• **WHAT TO PRODUCE**: The lines below starting at the line containing "Image 2 : 1900-S $1 MS63 PCGS" and ending at the line containing "1325 Pulitzer Lane Durham NC 27703" are to be repeated exactly, with both ends kept and nothing else added.

-- DATA SHOWN follows --

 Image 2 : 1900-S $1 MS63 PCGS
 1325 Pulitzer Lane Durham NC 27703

-- DATA SHOWN concluded --
-- DATA SHOWN follows --

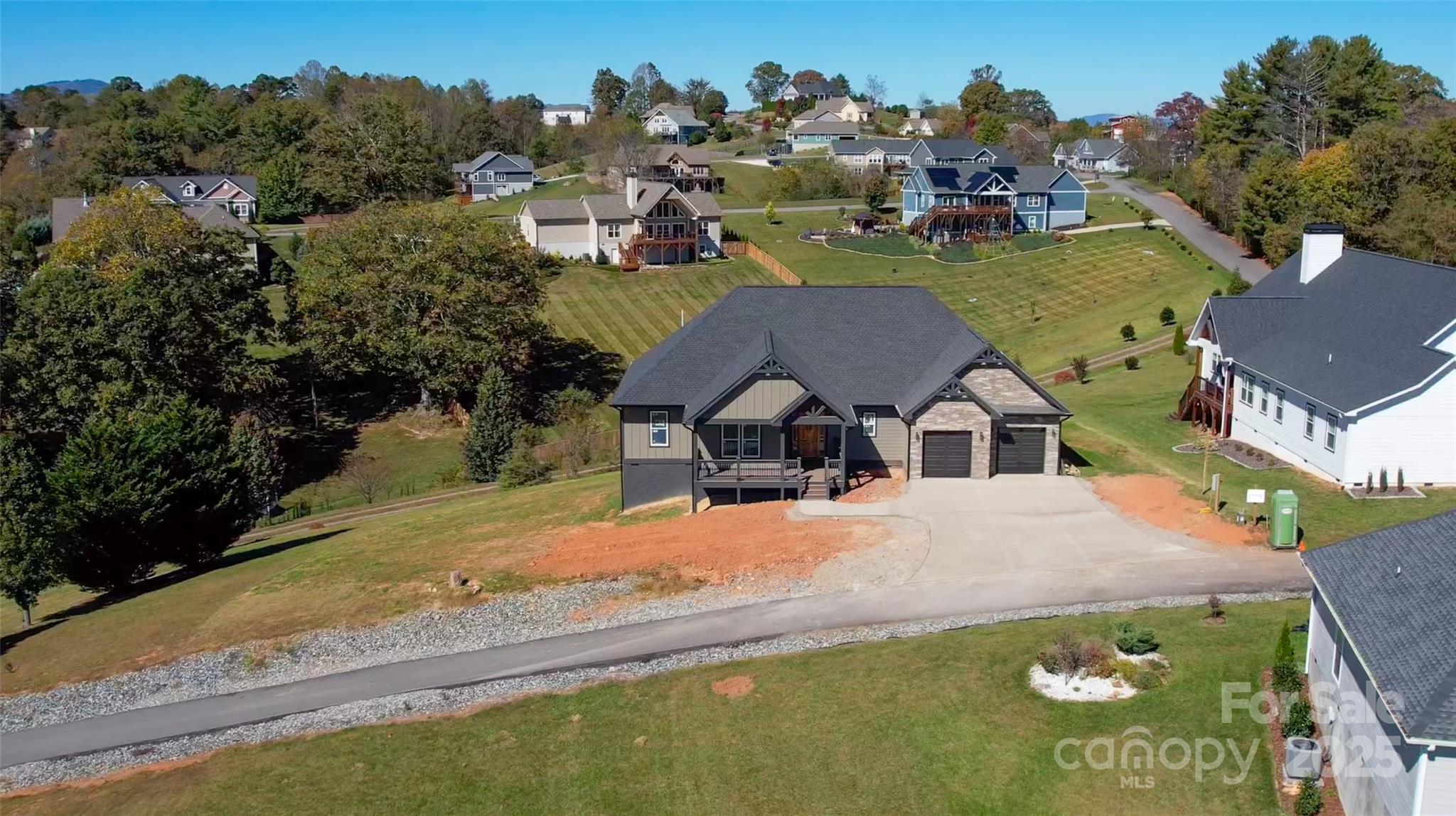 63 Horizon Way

-- DATA SHOWN concluded --

• **RESULT OF THIS EXERCISE**:
 Image 2 : 1900-S $1 MS63 PCGS
 1325 Pulitzer Lane Durham NC 27703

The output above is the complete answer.